### BRIEF
Hand back every line from the beginning of the data below through the line containing "Free People X", word for word and free of pictures.

### RECORDED INFORMATION
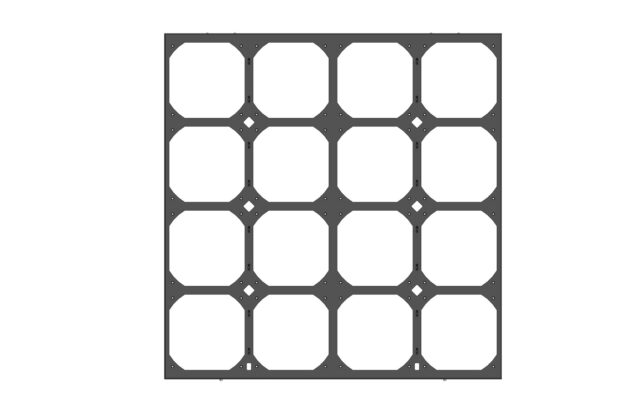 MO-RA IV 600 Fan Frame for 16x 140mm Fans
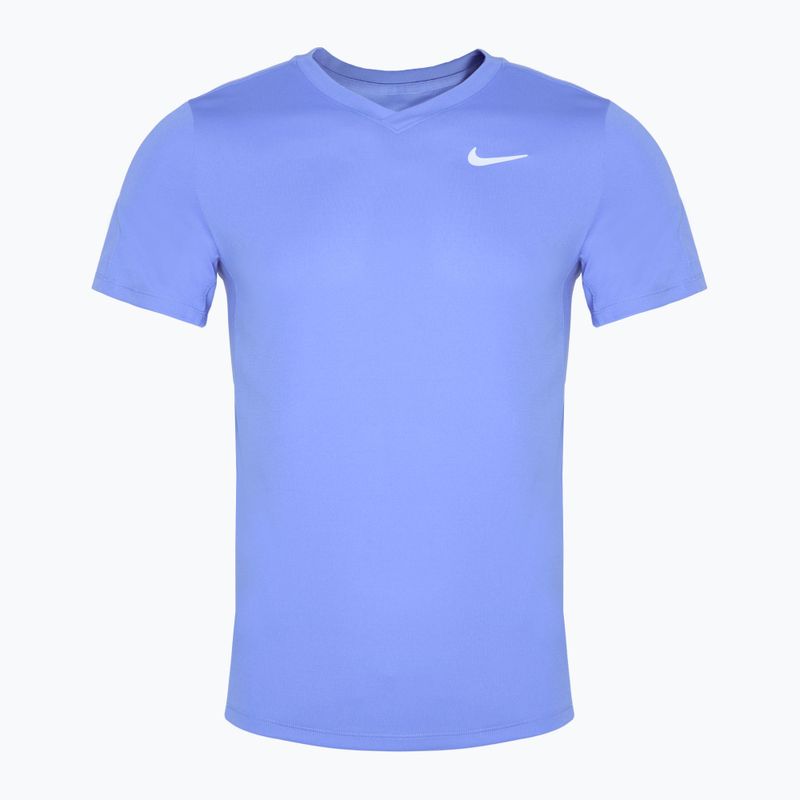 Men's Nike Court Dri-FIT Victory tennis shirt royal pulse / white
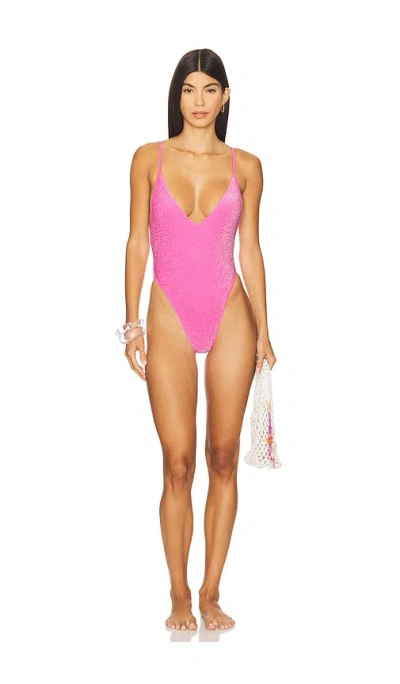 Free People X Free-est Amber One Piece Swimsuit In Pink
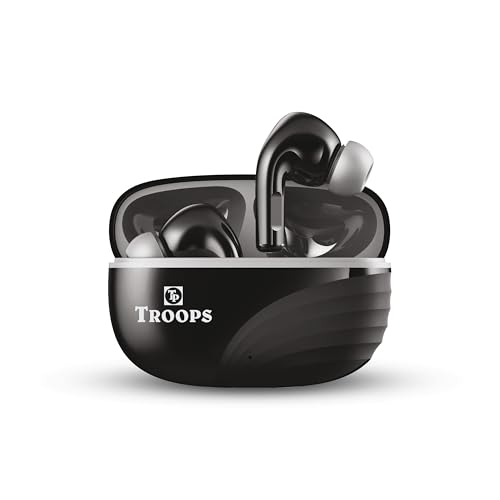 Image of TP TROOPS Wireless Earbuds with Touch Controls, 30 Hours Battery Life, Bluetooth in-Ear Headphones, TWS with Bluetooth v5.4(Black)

### RESPONSE AREA
 MO-RA IV 600 Fan Frame for 16x 140mm Fans
 Men's Nike Court Dri-FIT Victory tennis shirt royal pulse / white
 Free People X Free-est Amber One Piece Swimsuit In Pink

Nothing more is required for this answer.